Rien qu’entre 2015 et 2020, 289 312 morts par overdose d’opioïdes ont été recensées dans le pays. Les Appalaches s’octroyant tristement le haut du podium. Hasard des calendriers, une édition récente du New York Times annonçait que les Amérindiens allaient recevoir 665 millions de dollars -vous avez bien lu, 665 millions de dollars- de la part de quatre grands groupes pharmaceutiques après plusieurs accords mettant fin à leurs poursuites. Ce n’est pas un hasard si David Joy évoque le sort des descendants des Cherokees dans Nos vies en flammes. « Les Amérindiens paient un lourd tribut. En parler est aussi une manière de rappeler que la tragédie touche tout le monde, c’est une manière de ne pas les oublier », confesse l’auteur en live derrière le volant de son pick-up.

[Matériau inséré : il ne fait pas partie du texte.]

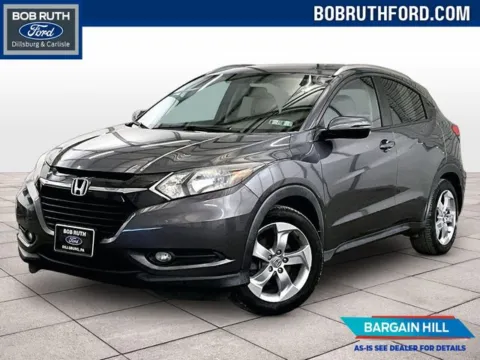 Gray 2016 Honda HR-V EX-L for sale in Dillsburg, PA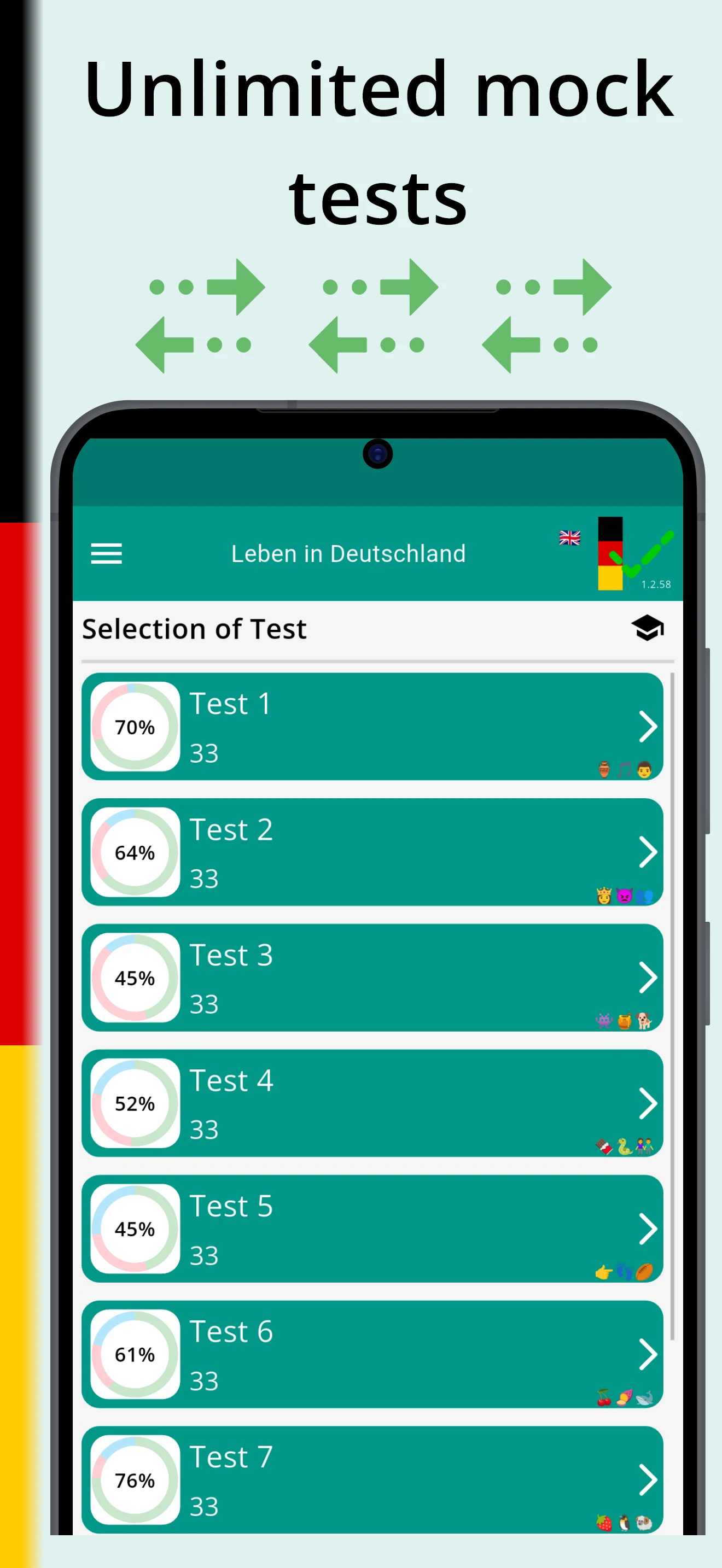 Leben in Deutschland Test 2026 screenshot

Au lecteur d’être en empathie avec Ray Mathis, protagoniste qui se débat pour sortir son gamin de l’enfer de la came et lui éviter de se retrouver comme dans un mauvais épisode de Ozark ou de Breaking Bad. David Joy sait de quoi il parle, il écrit sur ce qu’il connaît et maîtrise les codes du noir (scènes ultraviolentes, flics, dealers impitoyables, poursuites, cris, larmes, pleurs, douleurs en tout genre…) comme personne, avec un souffle narratif, une puissance, un lyrisme, une beauté formelle qui émeuvent tout en laissant un goût de cendres dans la bouche. « L’idée du livre vient surtout de la crise des opioïdes qui affecte mon quotidien. Sur le parking de la poste ou de la pompe à essence du village, tu marches sur des seringues en descendant de ta voiture. à l’inverse de ce que j’ai pu faire par le passé, je voulais épouser le point de vue d’un parent démuni face à l’addiction de son fils. Pour dire combien ça impacte ma vie de tous les jours: j’ai encore perdu un ami le jour de l’an, lors d’une fête dans un bar, d’une overdose d’héroïne. »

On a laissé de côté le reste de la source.